Packages used:
library(dplyr)
library(jsonlite)
library(DT)
library(wordcloud)
library(tidyverse)
library(ggplot2)
library(lubridate)
library(plotly)
Source of data is Kaggle - TMDB 5000 Movie Data set. You can find it here
The data set was created to answer different questions about movies such as what can be said about success of a movie, have certain production companies found a formula for success of a movie, why does a film with very high budget fail at box office and many more such questions.
It contains 20 variables and 4803 observations across 88 different countries, 20 genres, 86 spoken languages.
Data Import code:
movies <- read.csv("tmdb_5000_movies.csv", header = TRUE, stringsAsFactors = FALSE)
class(movies)
## [1] "data.frame"
dim(movies)
## [1] 4803 20
colnames(movies)
## [1] "budget" "genres" "homepage"
## [4] "id" "keywords" "original_language"
## [7] "original_title" "overview" "popularity"
## [10] "production_companies" "production_countries" "release_date"
## [13] "revenue" "runtime" "spoken_languages"
## [16] "status" "tagline" "title"
## [19] "vote_average" "vote_count"
colnames(movies)[4] <- "movie_id" #Renaming id column as movie_id
The original data set has 20 variables and their data types are mentioned in brackets. They are as follows:
Note: Original data set from Kaggle provides no information about unit of budget and revenue. I have assumed it to be in US dollars
Preview of first 100 rows of original data:
datatable(head(movies, n = 100))
Missing Values:
There are several missing values in the data set. I have assigned NA to observations having blank, 0 and [] values. The number of missing cases in each column and total number of complete cases are as shown below:
#Assign NA to blank values
movies[movies == ""] <- NA
movies[movies == "[]"] <- NA
movies[movies == 0] <- NA
sum(complete.cases(movies))
## [1] 1225
#Counting number of missing values in each column
movies %>% summarise_all(funs(sum(is.na(.))))
## budget genres homepage movie_id keywords original_language
## 1 1037 28 3091 0 412 0
## original_title overview popularity production_companies
## 1 0 3 1 351
## production_countries release_date revenue runtime spoken_languages
## 1 174 1 1427 37 86
## status tagline title vote_average vote_count
## 1 0 844 0 63 62
I am retaining all the observations for the analysis.
Duplicate Values:
Checking for duplicate movie titles using title column and removing the duplicate observations.

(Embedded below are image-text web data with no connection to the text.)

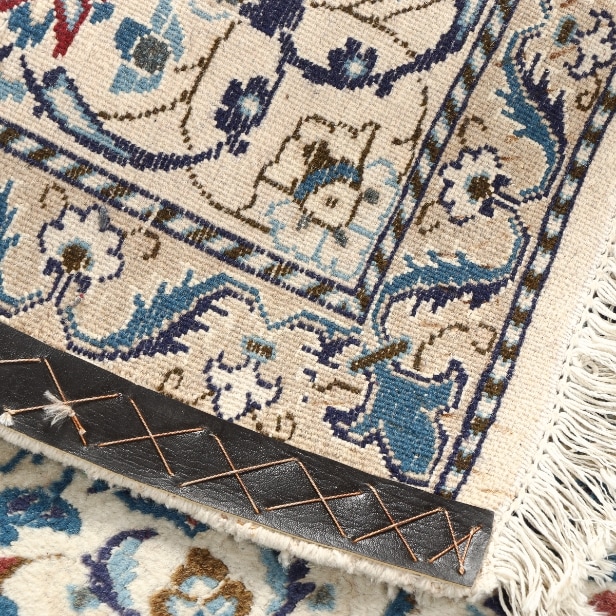Persian Nain with medallion. 286 x 192 cm.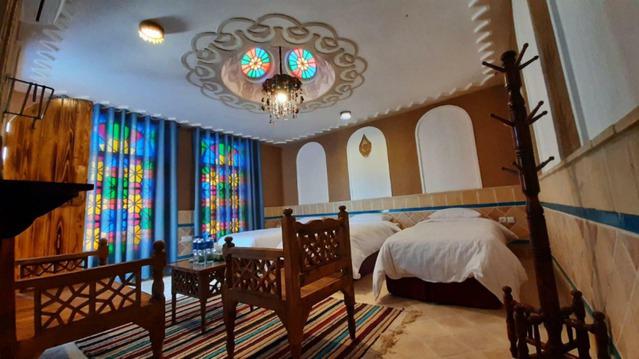 Yalo-Kashan_60319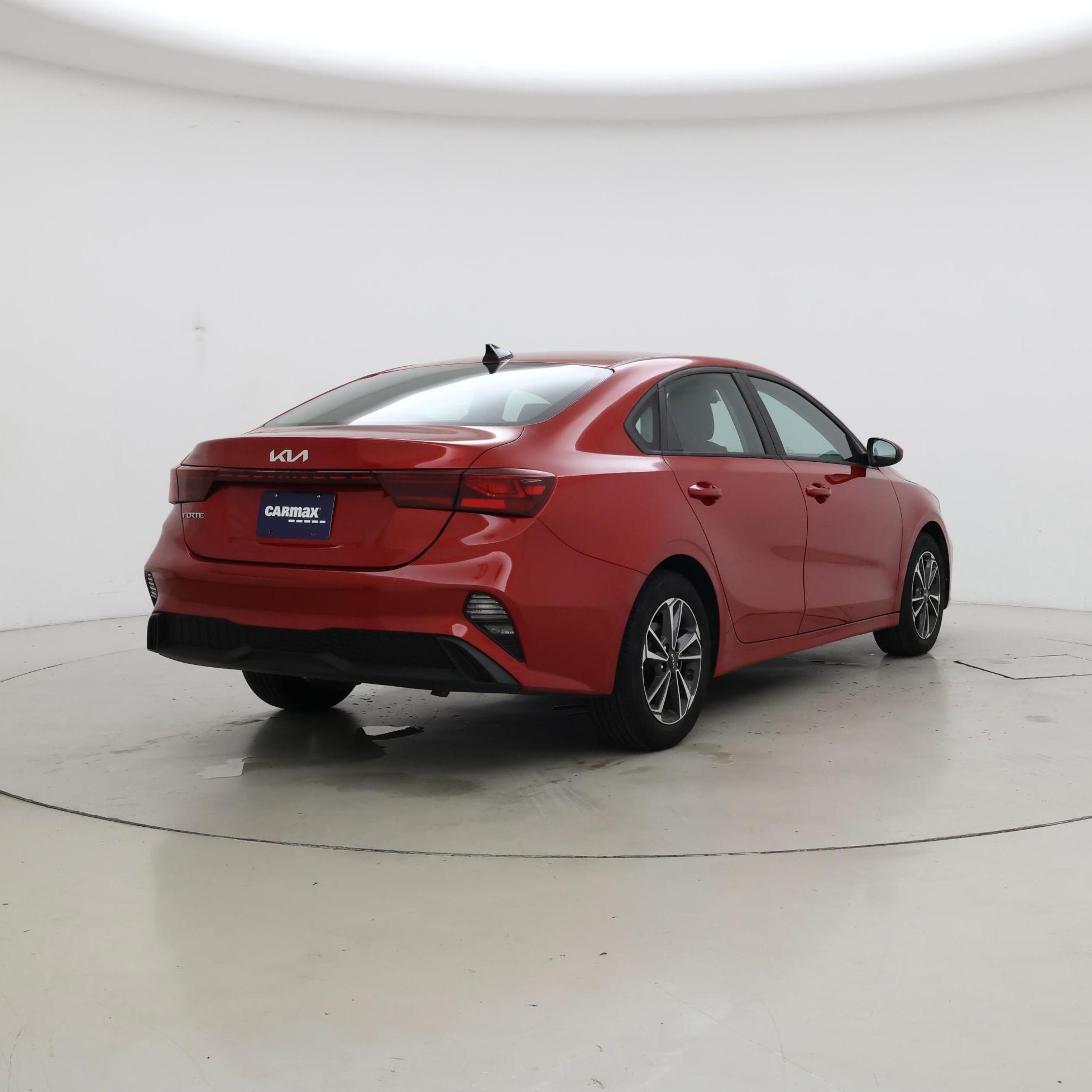Thumbnail: 2024 Kia Forte - 8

#Checking for duplicate movie title and removing duplicate values
movies <- movies[!duplicated(movies$title), ]
dim(movies)
## [1] 4800 20
There were three duplicate rows and they were removed.

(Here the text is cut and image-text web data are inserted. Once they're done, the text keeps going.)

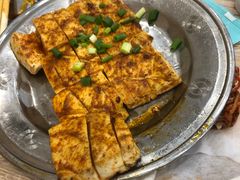 -江城燕子大排档(江汉路步行街店)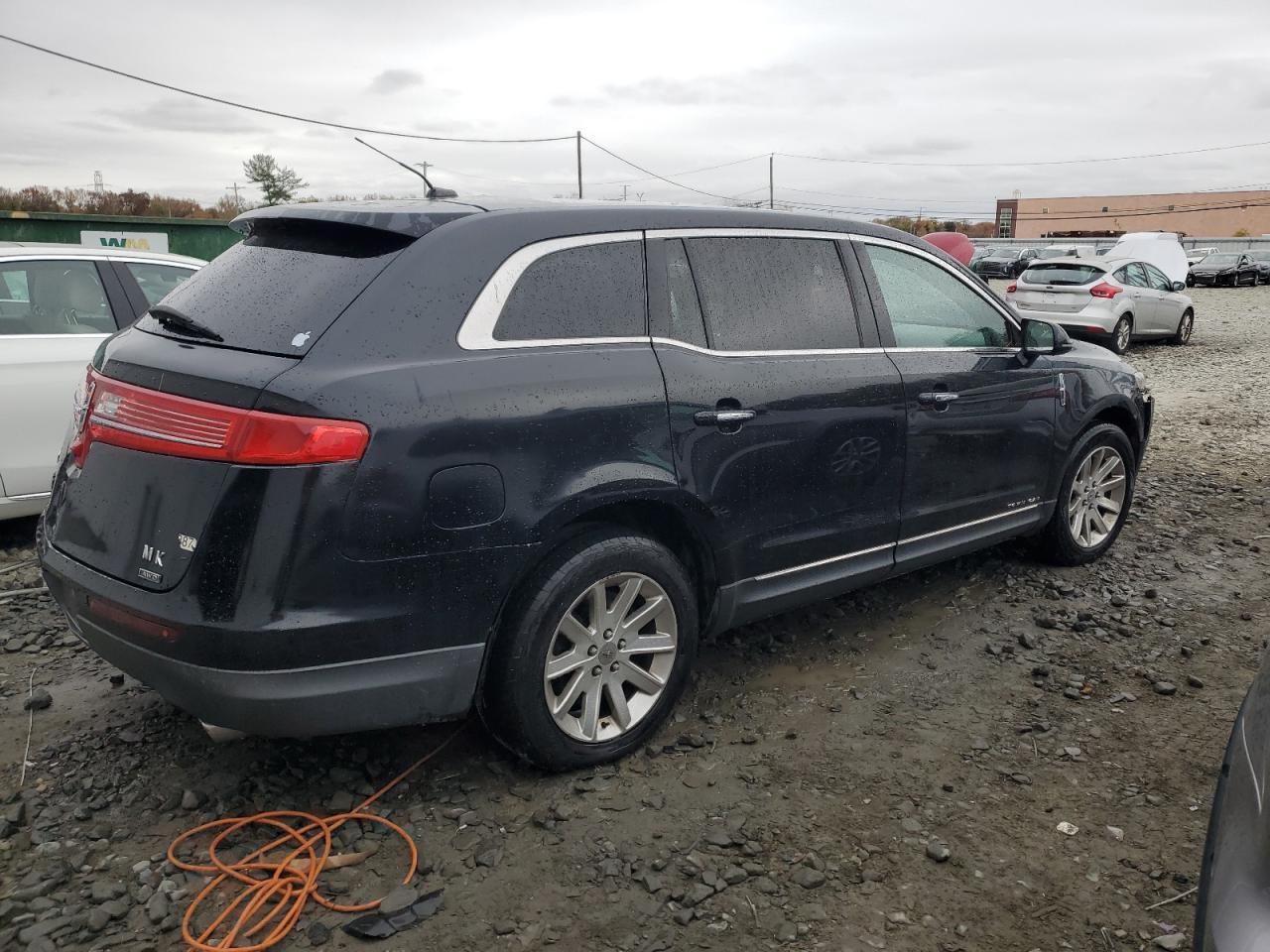 2016 Lincoln Mkt - Фото 3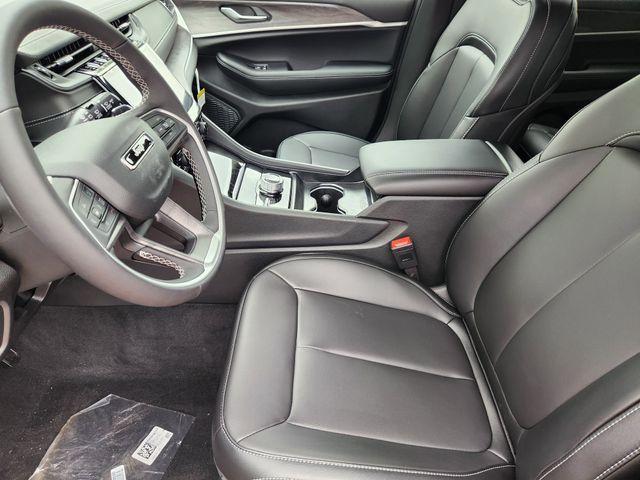 new 2025 Jeep Grand Cherokee L car, priced at $48,397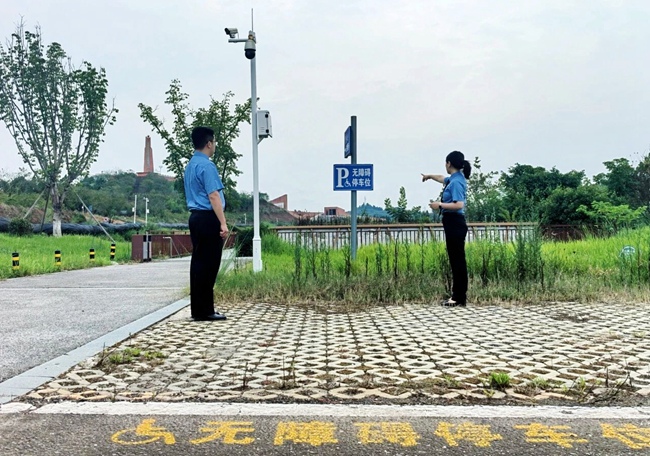 检察官现场勘察无障碍设施。蓬溪县检察院供图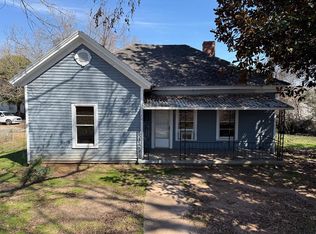 18 S Greenwood Ave, Ware Shoals, SC 29692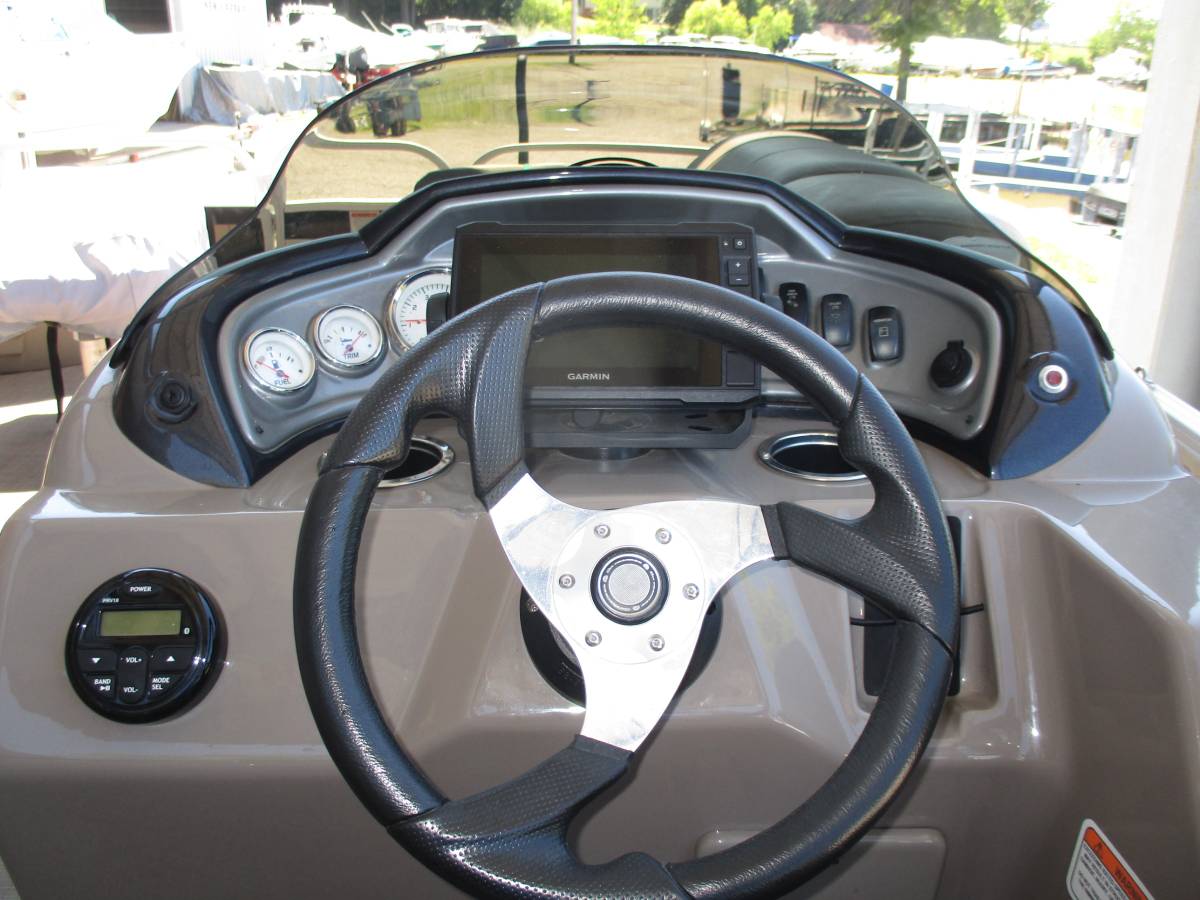 2021 Tracker, dovoz USA — foto 9 z 12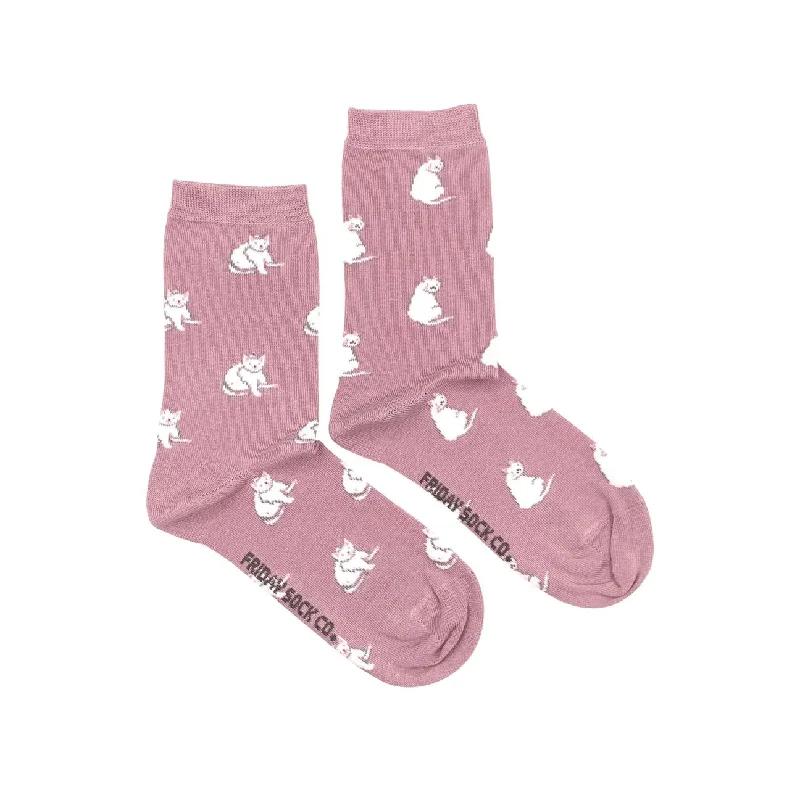 Women's cable - knit ankle socks for a cozy styleWhite Cat Mismatched Socks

Check for spurious characters:
Title column had spurious characters and they were removed during data cleaning.
#Removing spurious characters from movie title
movies$title <- sub(pattern = "Â", "", movies$title)
Adding new columns:
Year is extracted from release_date column and stored in a new column. Extracting year will help in performing trend analysis. Also, new columns are created to store difference between revenue and budget and an indicator, gross flag, which tells if the movie has made profit or is in loss.
movies$year <- movies$release_date %>%
as.POSIXlt(tz = "", format = "%m/%d/%Y") %>%
year()
#Adding new columns gross and gross_flag
movies <- movies %>%
mutate(gross = revenue - budget, gross_flag = ifelse(gross < 0, "Loss", "Profit"))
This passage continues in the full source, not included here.